The Coastal Zone Management Act Amendments of 1976: Tailoring Coastal Zone Protection to Expanded Offshore Oil Production
On July 26, 1976, President Ford signed into law the Coastal Zone Management Act (CZM Act) Amendments of 1976,1 a measure designed to improve the ability of the nation's 30 coastal states to plan for and control the impact of energy facility and resource development in their coastal areas. The Amendments, which several executive departments had vainly urged the President to veto, augment the present system of federal financial assistance for state development and implementation of coastal zone management programs. They also introduce several new elements into the Act, including a "coastal energy impact program" supported by federal grants and loans, and they modify the CZM Act's "federal consistency" requirements concerning outer continental shelf activities, a change which may be of central importance to coastal states.
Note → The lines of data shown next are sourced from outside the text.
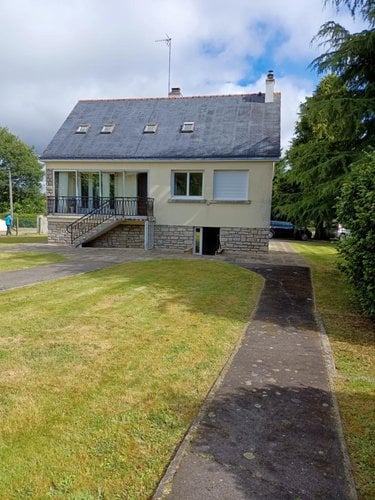 Maison a vendre Pleucadeuc 56140 Morbihan 100 m2 5 pièces 220000 euros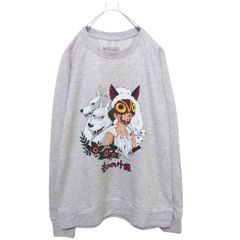 ヒグチユウコ × 植物展 コラボ スウェット ひとつめちゃん ボリスXL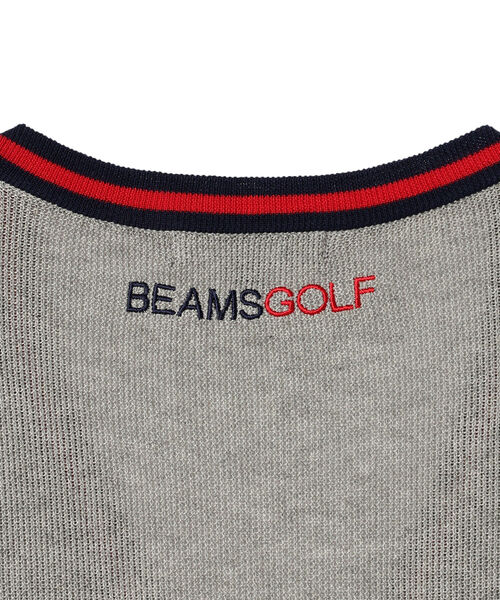 カーディガン BEAMS GOLF PURPLE LABEL / タラッティ ライン カーディガン17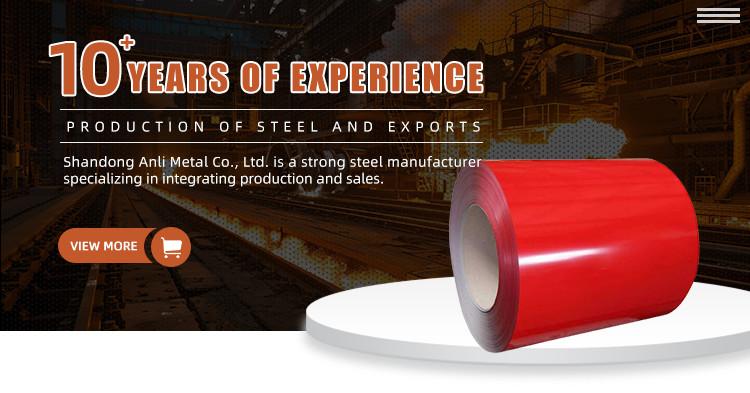 PPGI & PPGL Steel Coils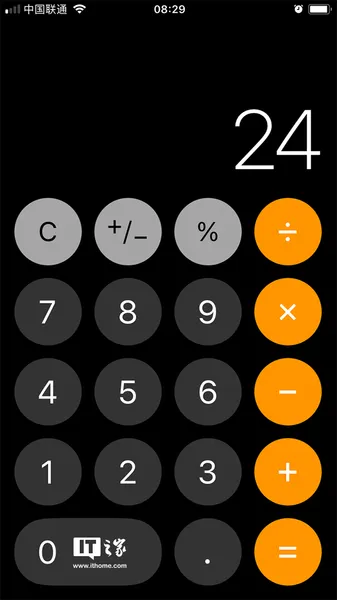 快来看一看！苹果iOS 11计算器Bug确认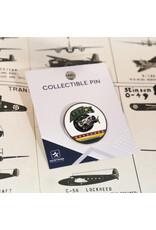 MUSTANG Heritage Collection - Iowa Aeros Lapel Pin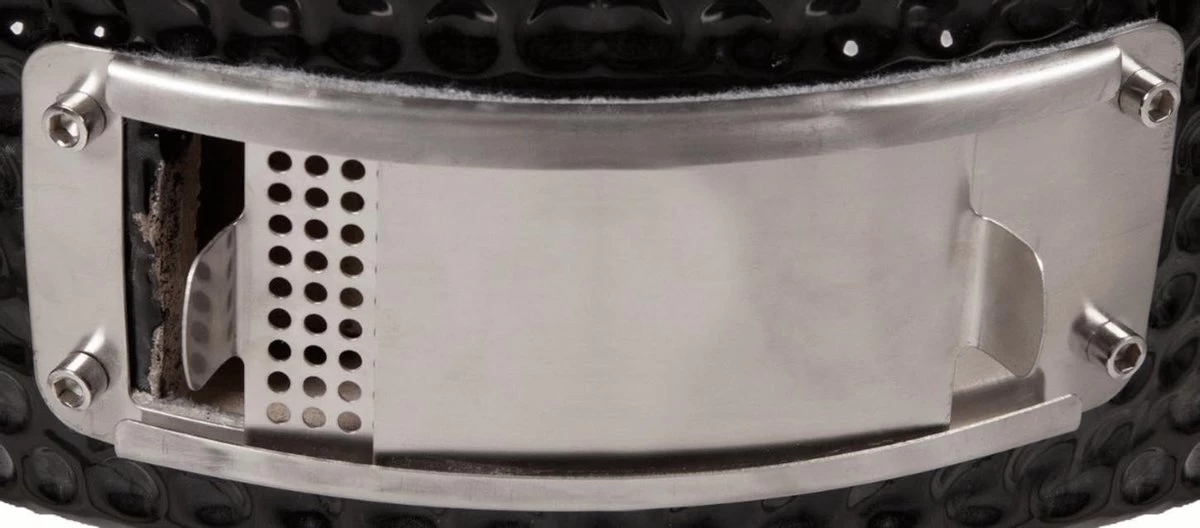 Patton Kamado 15" - Keramisch - Tafel Model - Premium Black - Medium - Zwart 13 Patton Kamado 15" - Keramisch - Tafel Model - Premium Black - Medium - Zwart - Afbeelding 11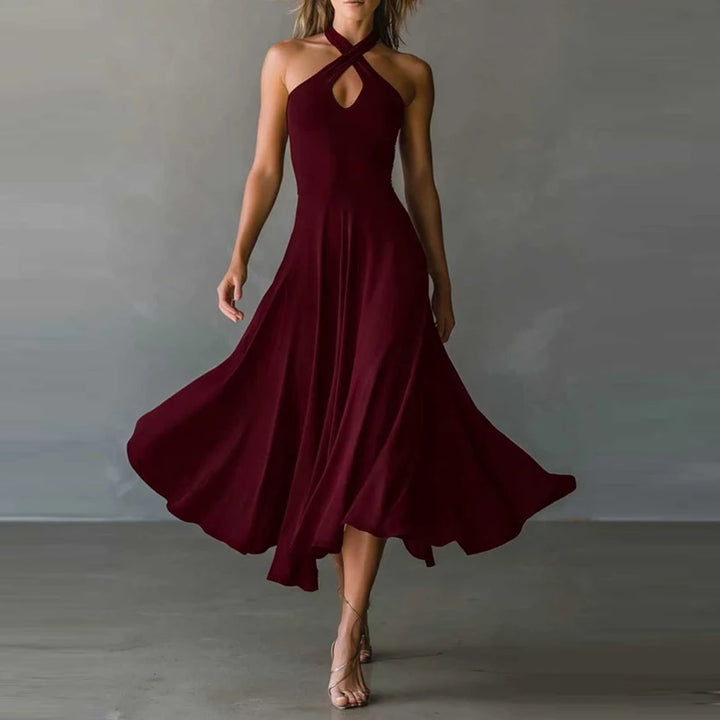 Harper Flowy A Line Maxi Dress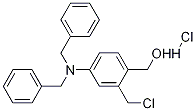 (2-(ChloroMethyl)-4-(dibenzylaMino)phenyl)Methanol hydrochloride CAS#: 1260403-55-1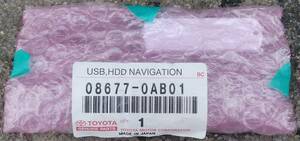 トヨタ カーナビ USB, HDDナビゲーション 地図USB H24年秋版 *08677-0AB01*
As originally passed in 1972, the CZM Act2 was intended to establish a regulatory structure through which the nation's coastline, including the Great Lakes, would be protected from the adverse effects of haphazard commercial, residential, and recreational development. Because it pre-dated the 1973 oil embargo and ensuing "energy crisis," however, the Act did not reflect the new national policy of energy self-sufficiency, which depends to a large extent on expanded oil production from the nation's outer continental shelf (OCS). The statute did require state coastal zone management plans to provide for "adequate consideration of the national interest involved in the siting of facilities necessary to meet requirements which are other than local in nature."3 But the Atlantic states, off whose shores there had as yet been no OCS leasing, read this language as referring to the siting of electric power plants rather than onshore oil processing and storage facilities.